■ TO DO ■
Apart from the pictures, reproduce the data below exactly as it stands.

■ THE DATA ■
'''
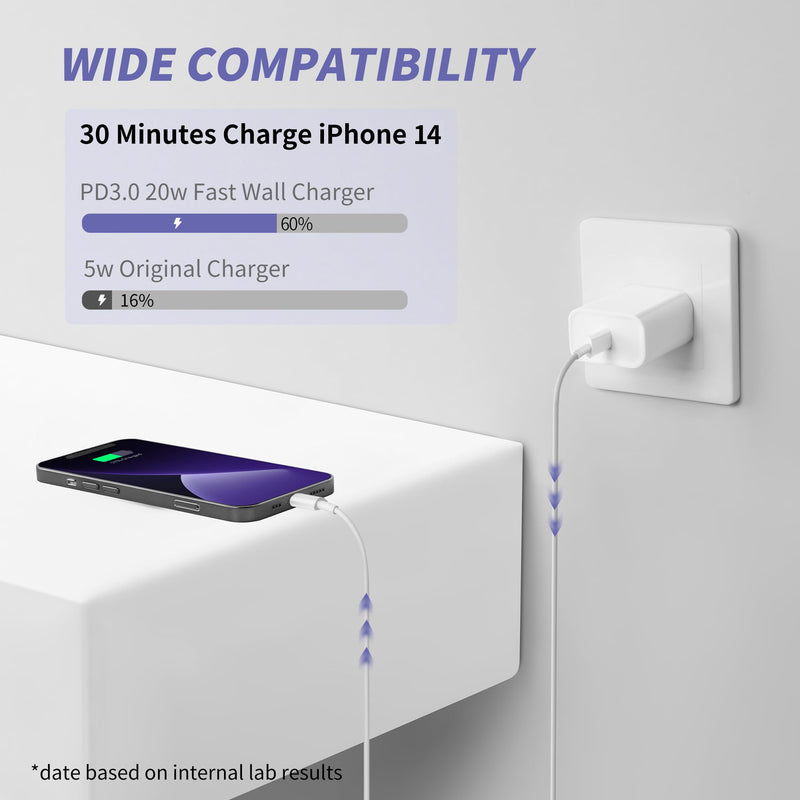 [AUSTRALIA] - i.Phone Charger Fast Charging,[MFi Certified] 2Pack 20W Type C Fast Charger Block with 6FT USB C Charger Cable Compatible for i.Phone 14/13/12/11 Pro Max/11/Xs Max/XR/X,i.Pad,AirPods Pro 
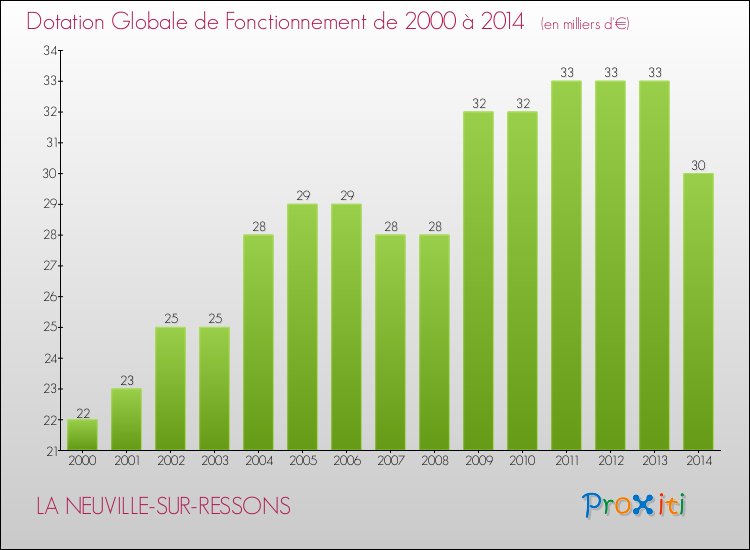Evolution du montant de la Dotation Globale de Fonctionnement pour la commune de LA NEUVILLE-SUR-RESSONS de 2000 à 2014 Evolution du montant de la Dotation Globale de Fonctionnement pour LA NEUVILLE-SUR-RESSONS de 2000 à 2014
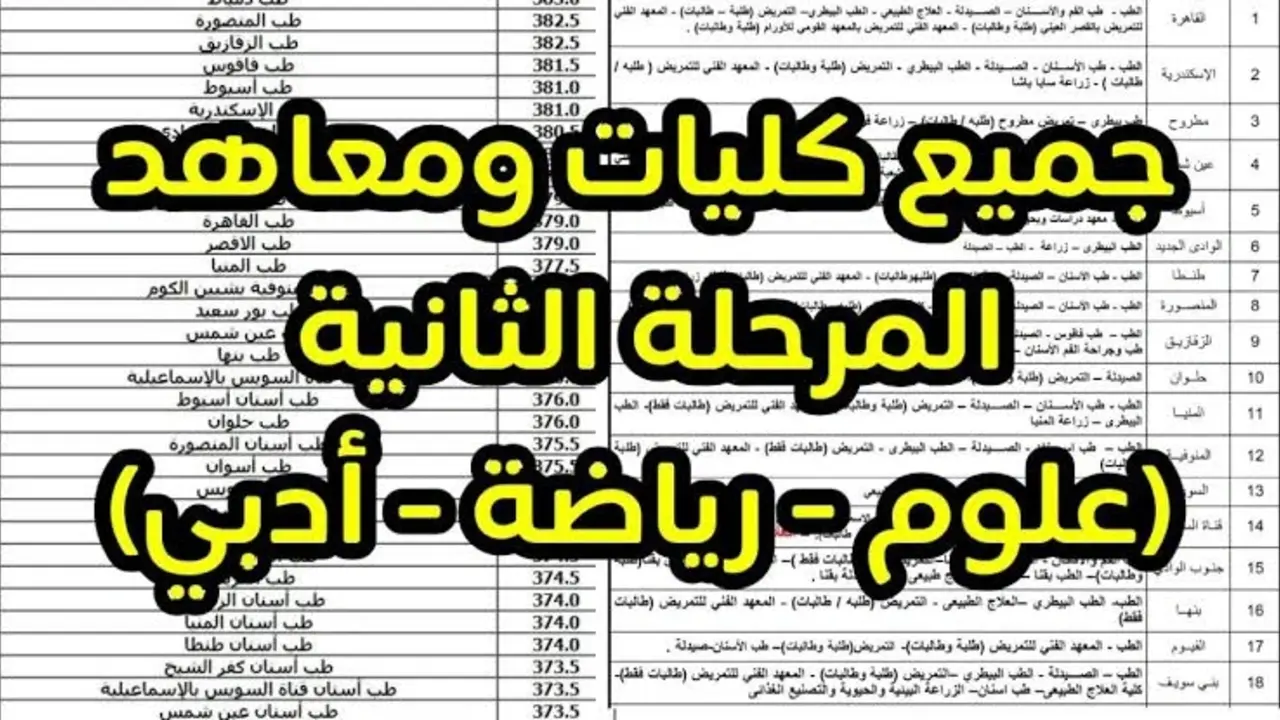 «فرص إضافية» تنسيق كليات المرحلة الثانية 2025 تعرف على الدرجات المطلوبة للالتحاق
'''
■ TASK RESULT ■
 [AUSTRALIA] - i.Phone Charger Fast Charging,[MFi Certified] 2Pack 20W Type C Fast Charger Block with 6FT USB C Charger Cable Compatible for i.Phone 14/13/12/11 Pro Max/11/Xs Max/XR/X,i.Pad,AirPods Pro 
Evolution du montant de la Dotation Globale de Fonctionnement pour la commune de LA NEUVILLE-SUR-RESSONS de 2000 à 2014 Evolution du montant de la Dotation Globale de Fonctionnement pour LA NEUVILLE-SUR-RESSONS de 2000 à 2014
 «فرص إضافية» تنسيق كليات المرحلة الثانية 2025 تعرف على الدرجات المطلوبة للالتحاق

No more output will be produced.